### Provided information

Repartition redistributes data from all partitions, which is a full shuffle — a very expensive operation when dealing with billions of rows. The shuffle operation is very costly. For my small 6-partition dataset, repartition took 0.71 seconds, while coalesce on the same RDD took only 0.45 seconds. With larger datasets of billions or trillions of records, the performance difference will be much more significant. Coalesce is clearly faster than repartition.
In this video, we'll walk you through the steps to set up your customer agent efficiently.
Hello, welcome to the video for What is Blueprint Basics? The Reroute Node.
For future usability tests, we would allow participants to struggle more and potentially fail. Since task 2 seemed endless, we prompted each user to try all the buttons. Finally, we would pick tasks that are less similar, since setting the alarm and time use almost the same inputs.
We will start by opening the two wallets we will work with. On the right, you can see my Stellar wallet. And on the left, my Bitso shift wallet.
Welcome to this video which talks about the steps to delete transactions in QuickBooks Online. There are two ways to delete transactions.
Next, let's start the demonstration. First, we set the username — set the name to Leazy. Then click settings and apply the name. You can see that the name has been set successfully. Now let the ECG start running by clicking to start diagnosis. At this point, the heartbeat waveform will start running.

==

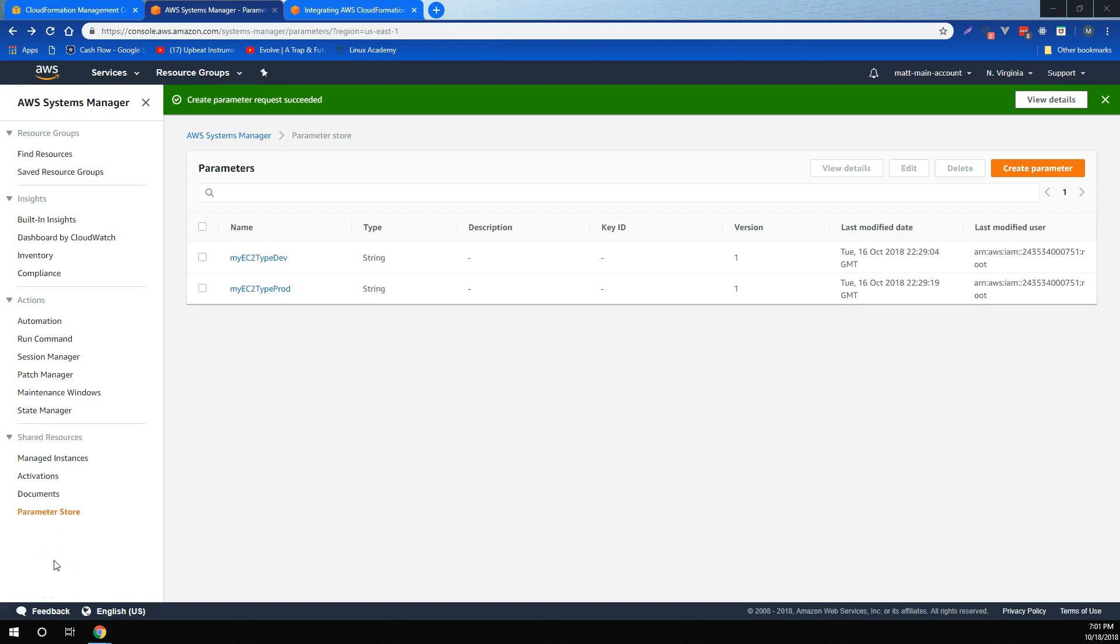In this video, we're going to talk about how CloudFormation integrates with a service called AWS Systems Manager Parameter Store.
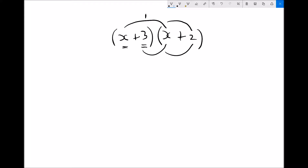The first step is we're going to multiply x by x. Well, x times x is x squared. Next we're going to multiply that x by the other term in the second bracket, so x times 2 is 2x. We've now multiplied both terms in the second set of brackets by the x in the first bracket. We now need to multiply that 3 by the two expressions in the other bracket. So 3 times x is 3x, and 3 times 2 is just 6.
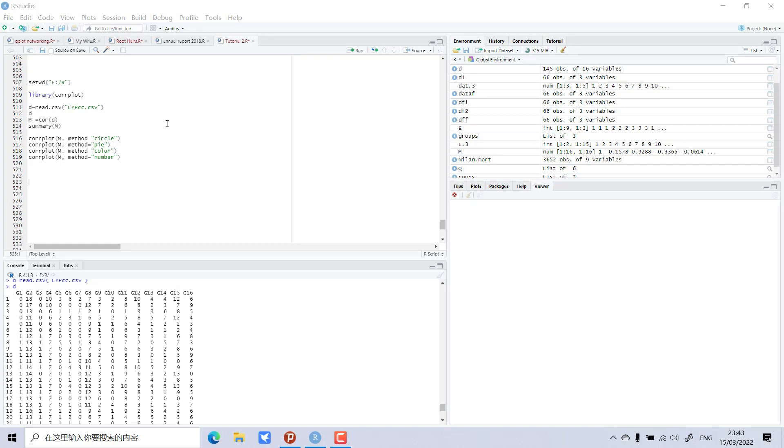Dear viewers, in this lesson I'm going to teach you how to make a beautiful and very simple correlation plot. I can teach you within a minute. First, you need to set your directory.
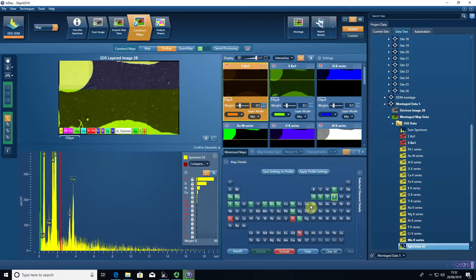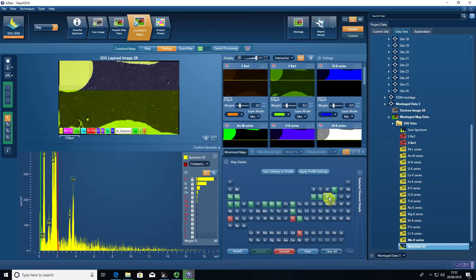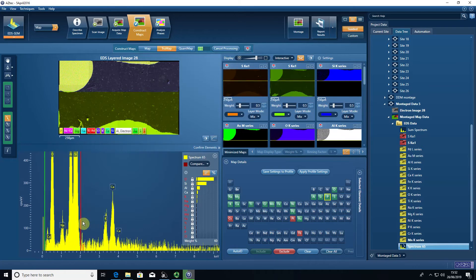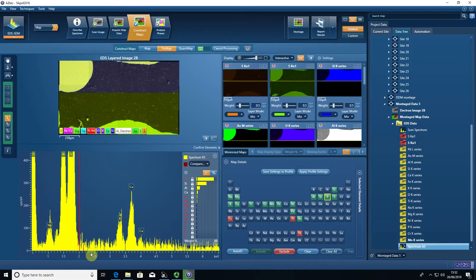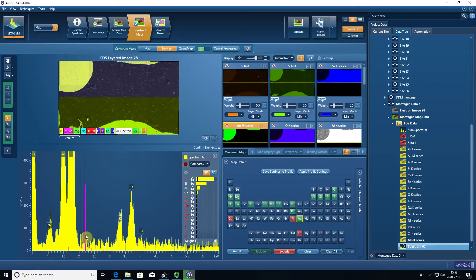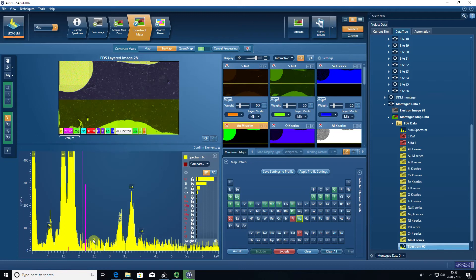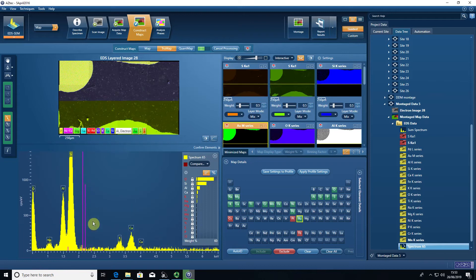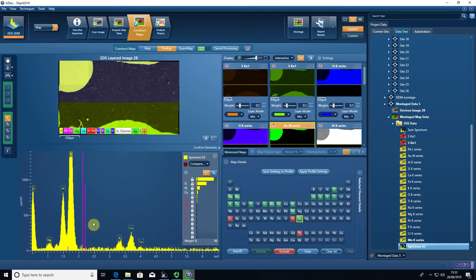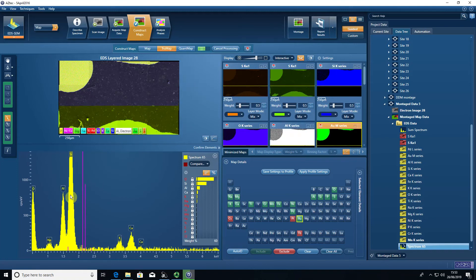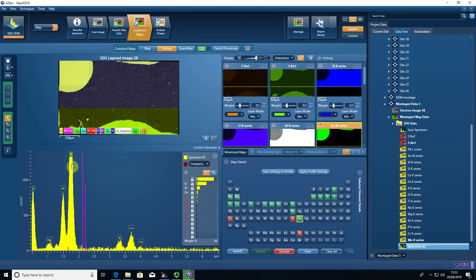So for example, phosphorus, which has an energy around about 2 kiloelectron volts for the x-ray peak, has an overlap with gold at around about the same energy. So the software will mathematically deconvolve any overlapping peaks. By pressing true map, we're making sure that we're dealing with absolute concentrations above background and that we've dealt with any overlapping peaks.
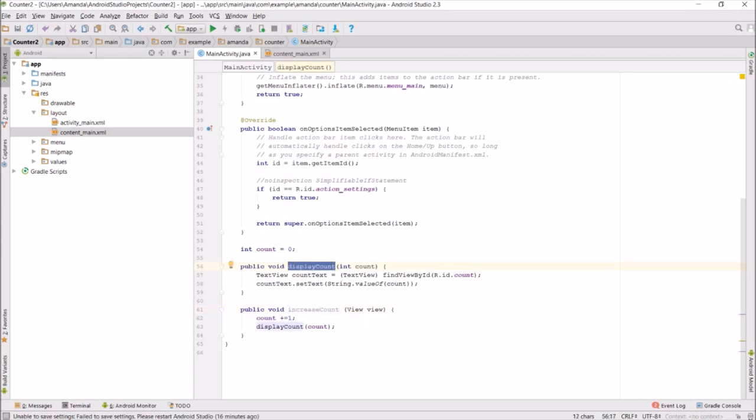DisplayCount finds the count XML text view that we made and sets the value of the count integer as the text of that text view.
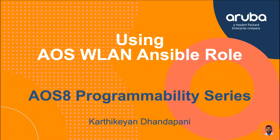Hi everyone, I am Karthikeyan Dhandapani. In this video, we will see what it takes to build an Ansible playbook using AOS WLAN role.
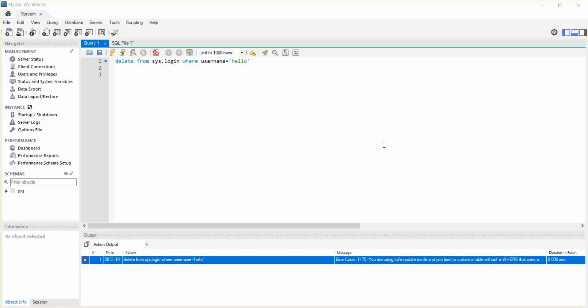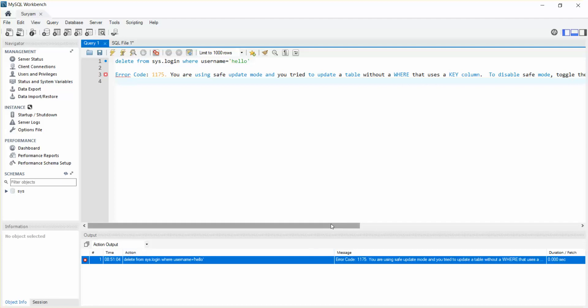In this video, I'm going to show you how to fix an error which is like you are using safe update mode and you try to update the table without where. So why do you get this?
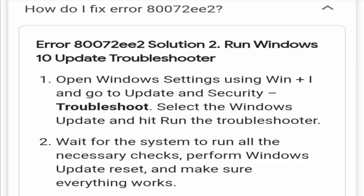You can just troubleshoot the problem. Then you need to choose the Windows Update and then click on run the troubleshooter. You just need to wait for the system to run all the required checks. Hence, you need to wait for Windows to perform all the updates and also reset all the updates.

---

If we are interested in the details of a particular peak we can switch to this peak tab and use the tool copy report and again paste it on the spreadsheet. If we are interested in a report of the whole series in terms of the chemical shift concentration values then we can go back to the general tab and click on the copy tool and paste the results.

### Work task
Exact duplication is required for the lines above, from the line that contains "Hello, welcome to" to the line that contains "Next, let's start", inclusive; omit all others.

### Answer to the exercise
Hello, welcome to the video for What is Blueprint Basics? The Reroute Node.
For future usability tests, we would allow participants to struggle more and potentially fail. Since task 2 seemed endless, we prompted each user to try all the buttons. Finally, we would pick tasks that are less similar, since setting the alarm and time use almost the same inputs.
We will start by opening the two wallets we will work with. On the right, you can see my Stellar wallet. And on the left, my Bitso shift wallet.
Welcome to this video which talks about the steps to delete transactions in QuickBooks Online. There are two ways to delete transactions.
Next, let's start the demonstration. First, we set the username — set the name to Leazy. Then click settings and apply the name. You can see that the name has been set successfully. Now let the ECG start running by clicking to start diagnosis. At this point, the heartbeat waveform will start running.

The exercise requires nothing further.